L’Olaf, l’Ufficio europeo per la lotta antifrode, ha aperto diverse indagini sui fondi del Pnrr. Pur non nominando gli Stati membri coinvolti, ha comunque spiegato che le indagini riguardano quelli che definisce come modelli classici. Parliamo, per esempio, di errori negli appalti pubblici o nella progettazione dei sistemi di controllo degli aiuti. Sono questi alcuni degli elementi più rilevanti emersi dalla relazione annuale pubblicata oggi dall’Olaf.
Al di fuori del Pnrr, l’Ufficio ha anche raccomandato di recuperare 426 milioni di euro che potrebbero finire nel bilancio dell’Ue, ma che sono finiti in frodi o in altre irregolarità: parliamo di risorse derivanti dall’uso dei fondi Ue nel 2022. Durante lo scorso anno sono state 256 le indagini concluse dall’Olaf, emettendo in totale 275 raccomandazioni alle autorità nazionali e alle istituzioni comunitarie. Le nuove indagini aperte sono state 192, dopo oltre mille analisi preliminari. Inoltre sono stati deferiti alla procura europea 71 casi di possibili reati.

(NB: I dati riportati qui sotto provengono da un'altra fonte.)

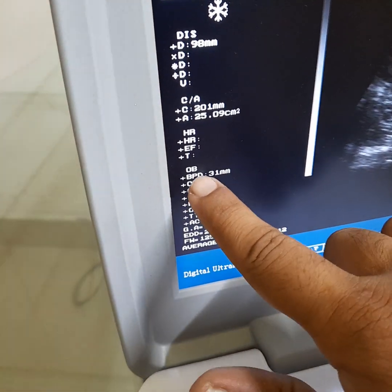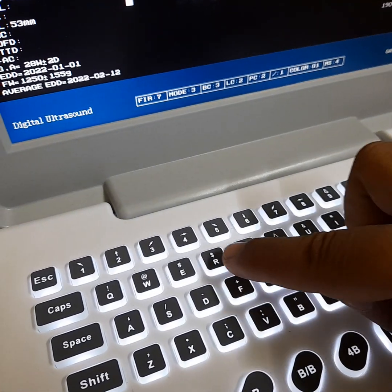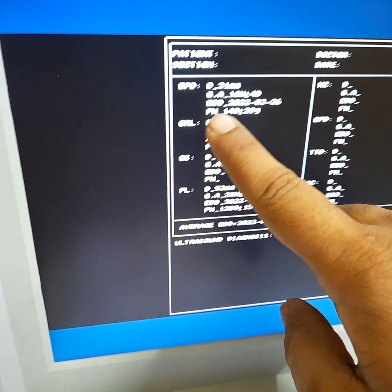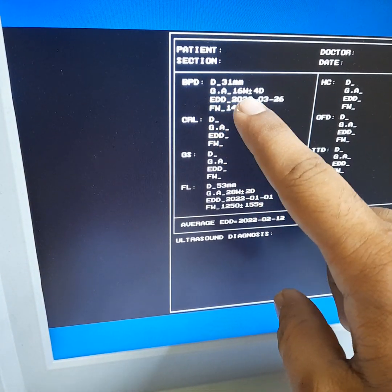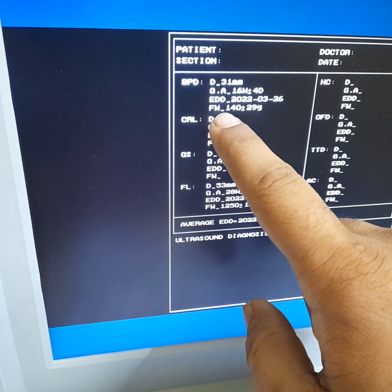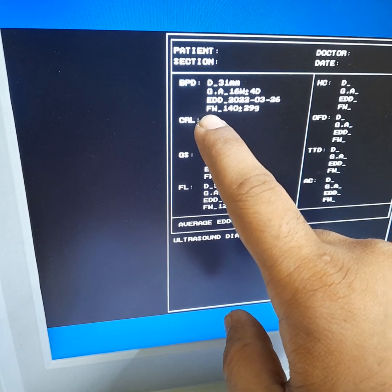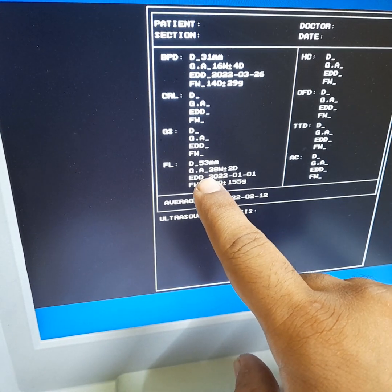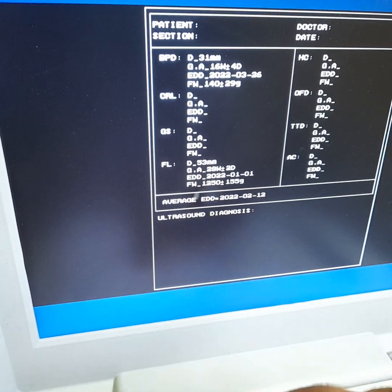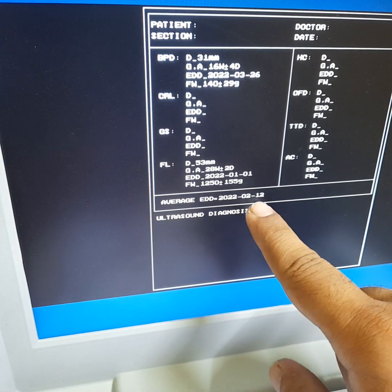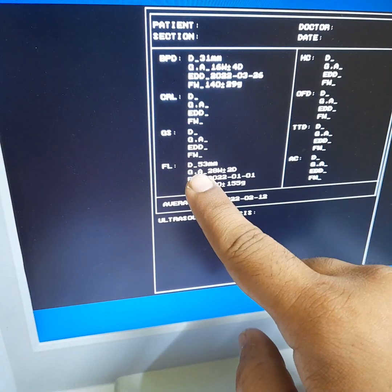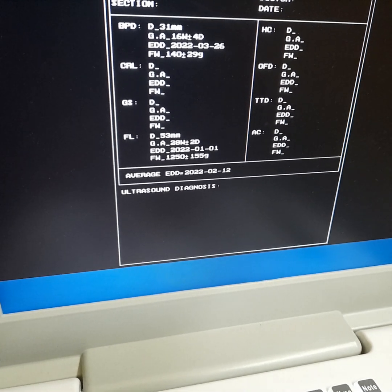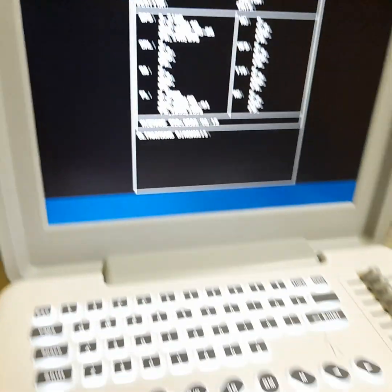We have now measured two values: BPD and femur length. Press the R button to open the report. The report shows: distance 31mm, gestational age 16 weeks, EDD, femur weeks, fetal weight, and femur length. The gestational age and average EDD are based on the average of the two measured values — BPD and femur length. We did not measure any other methods; these are the basic measurements.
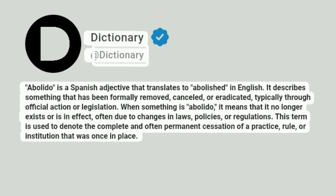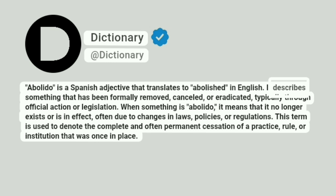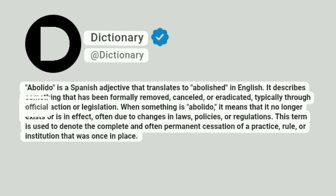Dictionary at Dictionary. Abolido is a Spanish adjective that translates to abolished in English. It describes something that has been formally removed, cancelled, or eradicated, typically through official action or legislation.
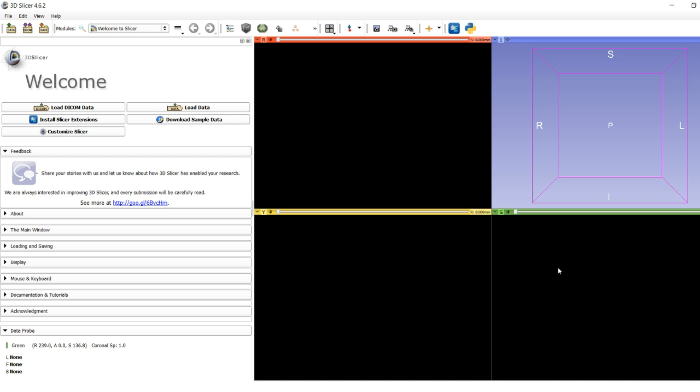It is a semi-automatic segmentation tool meant particularly for cases where you have a very high resolution 3D volume. It has the capability to deal with pre- and post-contrast images and works primarily through drawing automatic 3D volumetric segmentations, thresholding, and then taking advantage of Slicer's pre-built editor tools to create a quick, efficient, and accurate segmentation.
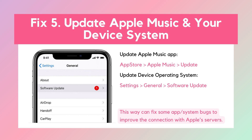Solution 5: Update Apple Music and Your Device System. The old version of the Apple Music app or operating system may have bugs affecting internet connection and data fetching, so you'd better keep the app and device system up-to-date to improve performance.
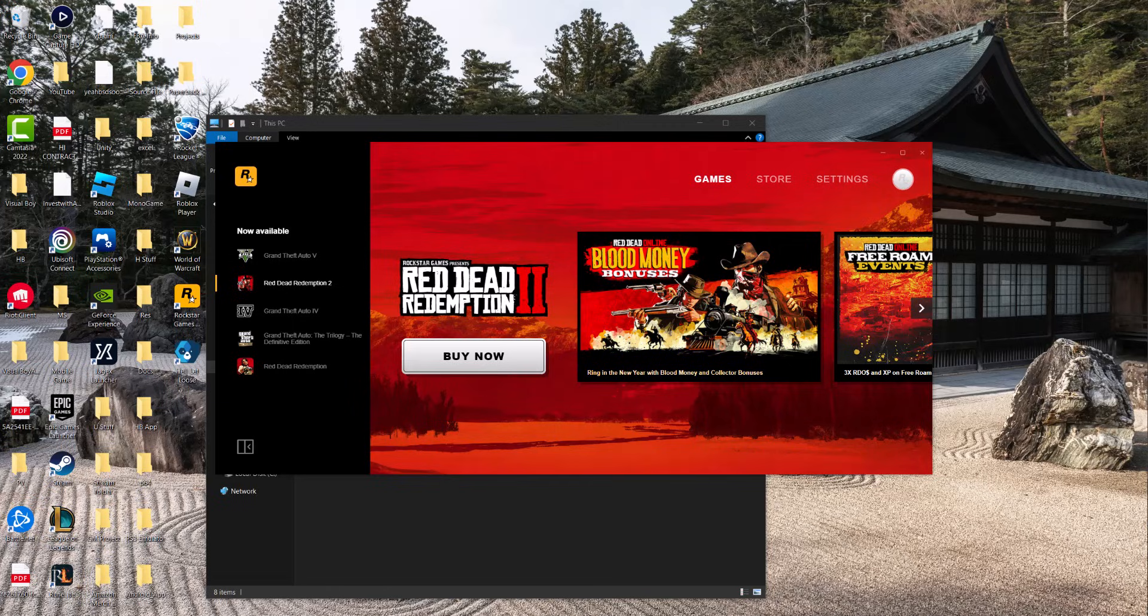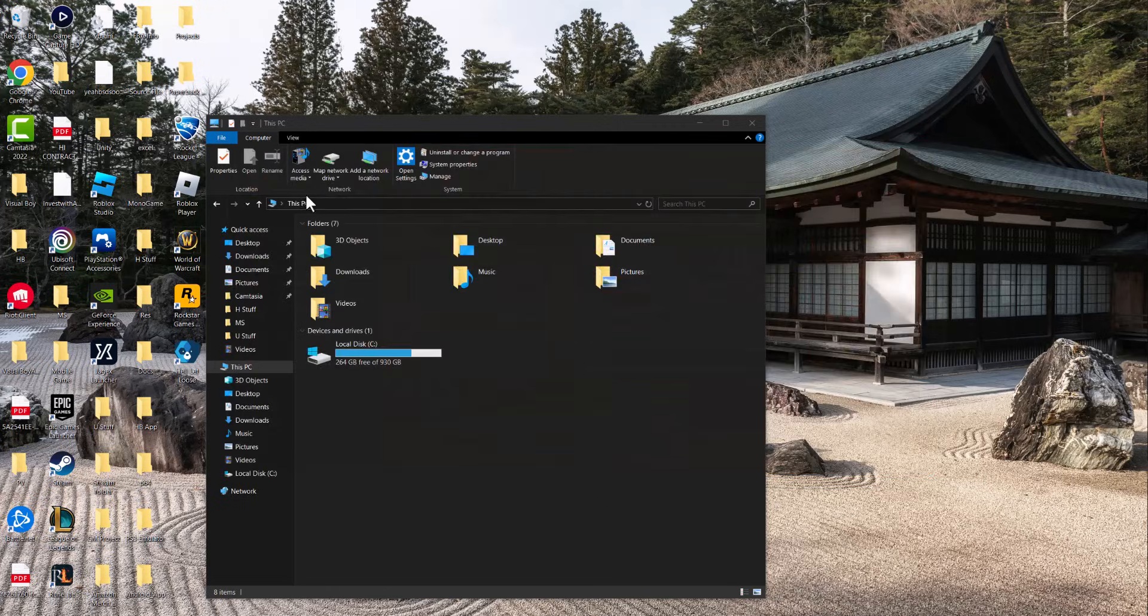What is everyone, this is Mo Gaming here. Today I'm going to show you how to fix the Rockstar Game Launcher is already running error that you may be getting for games like GTA 5, Red Dead Redemption, or whatever it may be. Let's get right into this.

I fondi che l’agenzia ha chiesto di recuperare nel 2022 sono meno di quelli dell’anno precedente, quando la cifra ammontava a 527 milioni di euro. Però, viene spiegato, questo dato è poco indicativo perché dipende molto dal numero di indagini portate effettivamente a termine.
L’Italia è il Paese con più frodi in Ue dopo l’Ungheria: i dati oltre il Pnrr
L’Olaf fornisce anche i dati relativi ai singoli Paesi: l’Ungheria è lo Stato membro in cui si segnala il maggior numero di inchieste nel 2022, con 15 casi chiusi di cui 10 che si sono conclusi con una raccomandazione di recuperare i fondi. Al secondo posto c’è l’Italia: le inchieste concluse sono state dieci, contro le nove della Francia.
Non sono esenti dai controlli anche le istituzioni europee. Sono 38 le indagini concluse per comportamento fraudolento o irregolare da parte di persone e membri dell’Ue, 16 delle quali del Parlamento europeo e sette della Commissione. La maggior parte delle accuse riguardanti le indagini dell’Olaf sono state per collusione, brogli di appalti pubblici, possibili conflitti d’interesse e fatture con prezzi superiori a quelli di mercato.